-- Source data --

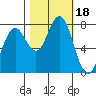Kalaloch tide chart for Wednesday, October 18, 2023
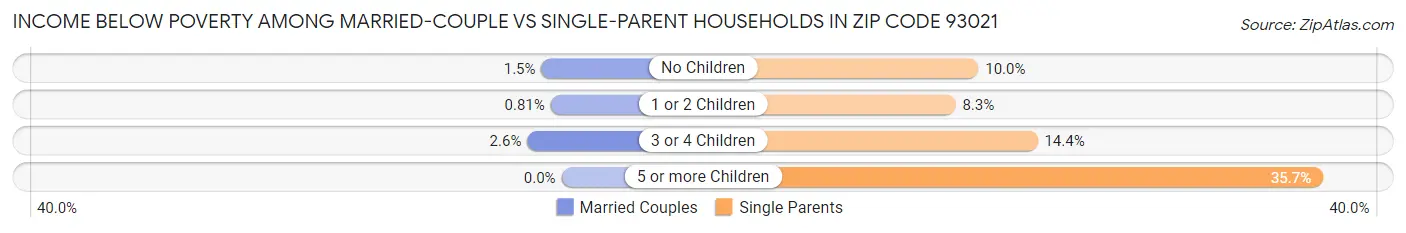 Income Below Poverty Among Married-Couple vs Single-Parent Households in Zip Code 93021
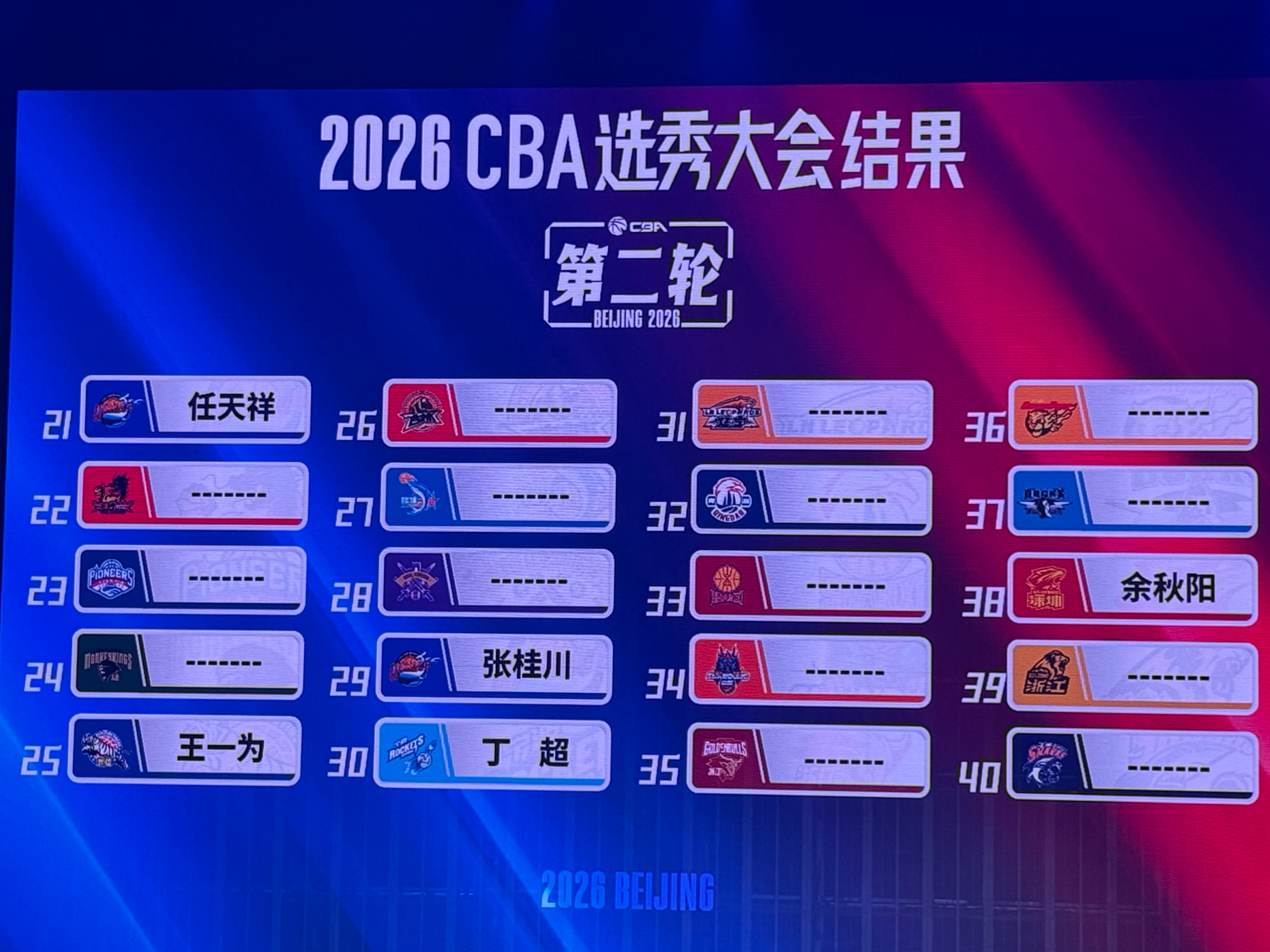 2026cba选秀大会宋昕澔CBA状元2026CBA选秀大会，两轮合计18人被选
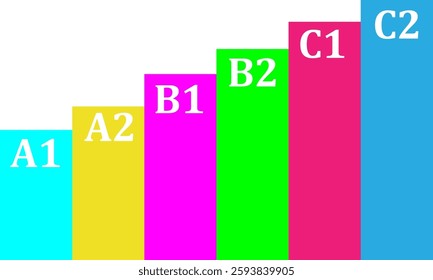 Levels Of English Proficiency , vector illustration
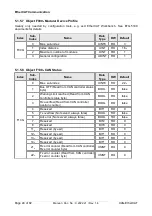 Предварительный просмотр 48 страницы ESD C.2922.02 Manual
...
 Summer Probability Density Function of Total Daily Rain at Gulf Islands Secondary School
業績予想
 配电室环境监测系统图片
---
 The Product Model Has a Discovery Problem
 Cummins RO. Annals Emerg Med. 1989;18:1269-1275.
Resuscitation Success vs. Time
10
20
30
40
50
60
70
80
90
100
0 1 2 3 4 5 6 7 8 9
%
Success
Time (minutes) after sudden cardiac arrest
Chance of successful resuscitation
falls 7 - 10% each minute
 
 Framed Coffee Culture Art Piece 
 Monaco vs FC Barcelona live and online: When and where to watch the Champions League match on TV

-- Task to complete --
Copy only the lines in the listing that contain "Time".

-- Response to this task --
Resuscitation Success vs. Time
Time (minutes) after sudden cardiac arrest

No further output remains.